Web page caption snippets
※ ※ ※

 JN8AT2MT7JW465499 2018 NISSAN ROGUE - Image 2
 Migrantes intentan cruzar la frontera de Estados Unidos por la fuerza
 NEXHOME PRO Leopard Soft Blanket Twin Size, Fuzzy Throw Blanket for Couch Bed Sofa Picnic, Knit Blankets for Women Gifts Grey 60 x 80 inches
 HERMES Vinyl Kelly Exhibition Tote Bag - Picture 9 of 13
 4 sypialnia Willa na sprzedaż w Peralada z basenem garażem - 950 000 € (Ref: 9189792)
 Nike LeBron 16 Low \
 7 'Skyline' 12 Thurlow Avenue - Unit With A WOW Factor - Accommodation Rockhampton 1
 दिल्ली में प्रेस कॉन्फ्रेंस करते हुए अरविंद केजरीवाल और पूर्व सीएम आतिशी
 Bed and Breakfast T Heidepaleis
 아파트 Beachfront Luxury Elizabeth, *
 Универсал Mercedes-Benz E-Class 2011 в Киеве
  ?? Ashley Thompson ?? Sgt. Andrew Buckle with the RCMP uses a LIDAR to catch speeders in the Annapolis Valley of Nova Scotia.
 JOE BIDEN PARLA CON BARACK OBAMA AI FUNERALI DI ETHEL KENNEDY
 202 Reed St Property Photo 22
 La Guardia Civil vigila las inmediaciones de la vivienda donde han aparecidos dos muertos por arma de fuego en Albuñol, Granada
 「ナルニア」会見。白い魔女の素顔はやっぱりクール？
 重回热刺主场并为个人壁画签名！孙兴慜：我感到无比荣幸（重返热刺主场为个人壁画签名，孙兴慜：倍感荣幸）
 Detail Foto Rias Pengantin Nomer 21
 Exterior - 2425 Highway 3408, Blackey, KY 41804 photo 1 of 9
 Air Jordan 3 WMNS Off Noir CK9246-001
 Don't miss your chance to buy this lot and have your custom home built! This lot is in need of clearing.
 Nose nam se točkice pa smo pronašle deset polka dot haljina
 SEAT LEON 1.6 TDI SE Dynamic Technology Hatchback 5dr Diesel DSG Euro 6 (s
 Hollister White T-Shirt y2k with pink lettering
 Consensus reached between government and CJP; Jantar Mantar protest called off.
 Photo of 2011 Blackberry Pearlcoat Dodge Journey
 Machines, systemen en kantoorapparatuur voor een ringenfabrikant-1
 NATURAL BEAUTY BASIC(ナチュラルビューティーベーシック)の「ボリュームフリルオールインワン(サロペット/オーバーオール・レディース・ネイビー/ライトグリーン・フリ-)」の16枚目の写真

※ ※ ※

## What is being asked
Word for word, copy out all of the data shown above.

## Output below
 JN8AT2MT7JW465499 2018 NISSAN ROGUE - Image 2
 Migrantes intentan cruzar la frontera de Estados Unidos por la fuerza
 NEXHOME PRO Leopard Soft Blanket Twin Size, Fuzzy Throw Blanket for Couch Bed Sofa Picnic, Knit Blankets for Women Gifts Grey 60 x 80 inches
 HERMES Vinyl Kelly Exhibition Tote Bag - Picture 9 of 13
 4 sypialnia Willa na sprzedaż w Peralada z basenem garażem - 950 000 € (Ref: 9189792)
 Nike LeBron 16 Low \
 7 'Skyline' 12 Thurlow Avenue - Unit With A WOW Factor - Accommodation Rockhampton 1
 दिल्ली में प्रेस कॉन्फ्रेंस करते हुए अरविंद केजरीवाल और पूर्व सीएम आतिशी
 Bed and Breakfast T Heidepaleis
 아파트 Beachfront Luxury Elizabeth, *
 Универсал Mercedes-Benz E-Class 2011 в Киеве
  ?? Ashley Thompson ?? Sgt. Andrew Buckle with the RCMP uses a LIDAR to catch speeders in the Annapolis Valley of Nova Scotia.
 JOE BIDEN PARLA CON BARACK OBAMA AI FUNERALI DI ETHEL KENNEDY
 202 Reed St Property Photo 22
 La Guardia Civil vigila las inmediaciones de la vivienda donde han aparecidos dos muertos por arma de fuego en Albuñol, Granada
 「ナルニア」会見。白い魔女の素顔はやっぱりクール？
 重回热刺主场并为个人壁画签名！孙兴慜：我感到无比荣幸（重返热刺主场为个人壁画签名，孙兴慜：倍感荣幸）
 Detail Foto Rias Pengantin Nomer 21
 Exterior - 2425 Highway 3408, Blackey, KY 41804 photo 1 of 9
 Air Jordan 3 WMNS Off Noir CK9246-001
 Don't miss your chance to buy this lot and have your custom home built! This lot is in need of clearing.
 Nose nam se točkice pa smo pronašle deset polka dot haljina
 SEAT LEON 1.6 TDI SE Dynamic Technology Hatchback 5dr Diesel DSG Euro 6 (s
 Hollister White T-Shirt y2k with pink lettering
 Consensus reached between government and CJP; Jantar Mantar protest called off.
 Photo of 2011 Blackberry Pearlcoat Dodge Journey
 Machines, systemen en kantoorapparatuur voor een ringenfabrikant-1
 NATURAL BEAUTY BASIC(ナチュラルビューティーベーシック)の「ボリュームフリルオールインワン(サロペット/オーバーオール・レディース・ネイビー/ライトグリーン・フリ-)」の16枚目の写真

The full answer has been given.